Любовь Советского Союза - страница 19



– Вот снилось мне,
Что будто бы пришла моя супруга
И мертвого нашла меня.
(Престранный, дающий мертвому
Возможность думать, сон!)
И будто поцелуями своими
В уста мои вдохнула столько жизни
Она, что ожил я и стал царем.
О! как же сладко ты, любви самой блаженство,
Когда и тень любви нам радости дает[13].

– Как? – опустив руки, спросил он Галину.

– Хорошо, – одобрила Галина.

Русаков вернулся на скамейку:

– Я знаю, что хорошо… – печально согласился он. – Что с того? Арсеньев меня не любит и развиваться не дает! Если мне Ромео не дадут, я из театра уйду! – неожиданно заявил он. – А ты?

– Что я? – испугалась Галина.

– Ты уйдешь со мной? – он взял ее за руку.

– Как это… – растерялась Галя. – Уйти!

– Я, знаешь, люблю тебя! – признался он. – Сильно люблю! Я сегодня целый день думал… проверял себя… и окончательно понял – люблю я тебя! У меня ведь раньше… до тебя… были… там… страстишки, а вот чувство настигло в первый раз!

– Но зачем же сразу из театра уходить? – взмолилась Галина. – Надо поговорить с Арсеньевым, показаться ему, вот с этим отрывком, который ты сейчас читал! Он почувствует! Поймет! Поговори с ним завтра!

– Ты меня любишь? – не отпускал Галину руку Саша.

– Я не знаю, – призналась Галина.

Русаков осторожно положил ее руку на ее же колени и отвернулся.

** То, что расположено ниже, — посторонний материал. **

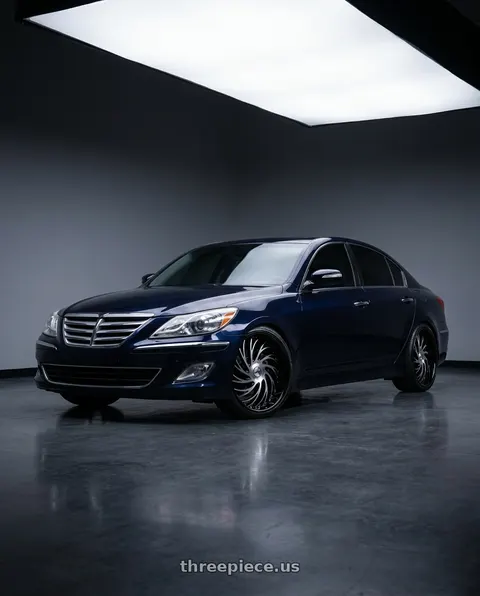 2012 Hyundai Genesis with Azara AZX-101 5x100/5x114.3 18x8 +35 Gloss Black & Machined wheels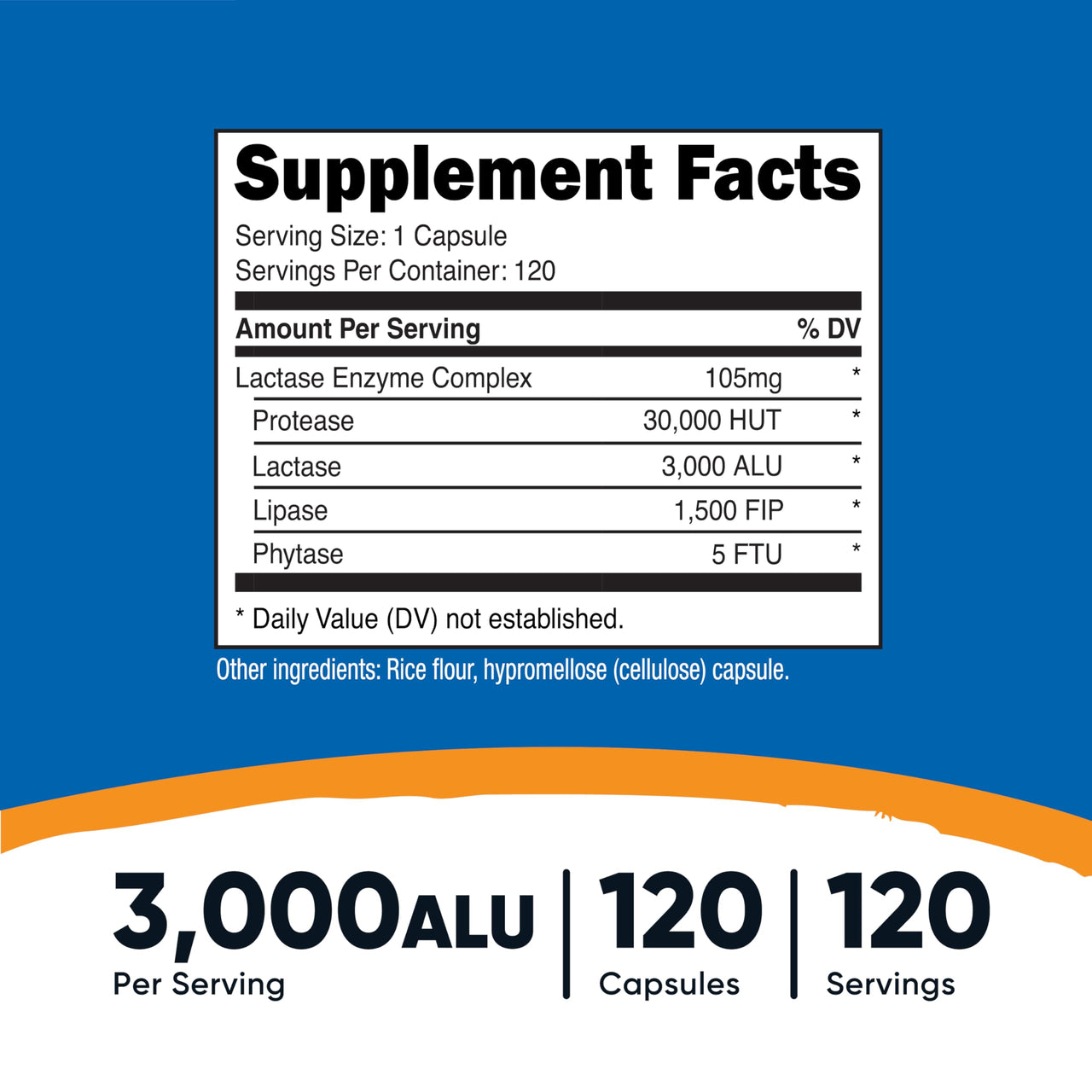Nutricost Lactase Enzyme Complex 3,000 FCC ALU, 120 Vegetarian Capsules - Non-GMO, Gluten Free, 120 Servings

Галя смотрела на его красивый профиль, на изящной формы руку, небрежно опирающуюся на спинку скамейки.

– Ликом светлый, глаза ясные, волосы русые, рука прямая… – прошептала она.

– Что? – повернулся к ней Саша. – Что ты шепчешь?

В свете тусклого бульварного фонаря его лицо мерцало…

Он был обижен, страдал и, наверное, оттого был невероятно прекрасен, как молодой античный бог.

– Нет, ничего, – устало ответила Галя. – Пойдем… поздно уже.

* * *

– Михаил Георгиевич! – взмолилась Галина – Хотите, на колени встану?

И она бухнулась на пол с таким грохотом, что Арсеньев выскочил из своего необъятного кресла.

– Не ушиблась? – Он помог ей встать, подал стул.

– Ничего! – морщась от боли и растирая колени, успокоила его Галина. – Михаил Георгиевич! Помогите молодому актеру! Знаете, как доверие окрыляет?

– Не потянет он! – возвращаясь за письменный стол, сморщился главный режиссер.

– А вы попробуйте! – превозмогая боль, встала со стула Галина. – Доверьте! Порепетируйте с ним – он и раскроется! А?

– Я вот попробую… – задумчиво глядя на Галину, сказал Арсеньев. – Я попробую предложить роль Джульетты тебе!

– Почему мне? – испугалась Галина.

– Сейчас, пожалуй, я тебе этого объяснить не смогу, – признался главный режиссер. – Да и не надо тебе объяснений сейчас! Согласна?

– Михаил Георгиевич! – почти шепотом спросила Галина. – А как же Андреева? Она же не переживет! Весь театр говорит, что Джульетту будет играть она!

– Поплачет и перестанет, – равнодушно предположил Арсеньев. – Потом, что значит «весь театр говорит»? Что, у Шекспира написано на могильном камне, что Джульетту должна играть Андреева?

– Я без Саши играть не буду, Михаил Георгиевич! – ответила Галина. – Попробуйте его! Пожалуйста!

* * *

Это был уже другой двор. Большой шестиэтажный дом. У подъезда стоял «Бьюик», за рулем скучал хмурый шофер, вокруг «Бьюика» молча стояли мальчишки. Но тетушки все так же грызли семечки, сидя на скамеечке у подъезда.

Во двор влетела Галина, таща за собою смущенного Сашу Русакова.

– Давно? – спросила она у тетушек, кивнув на «Бьюик».

– Давненько, – отвечали тетушки, бесцеремонно рассматривая Галиного спутника.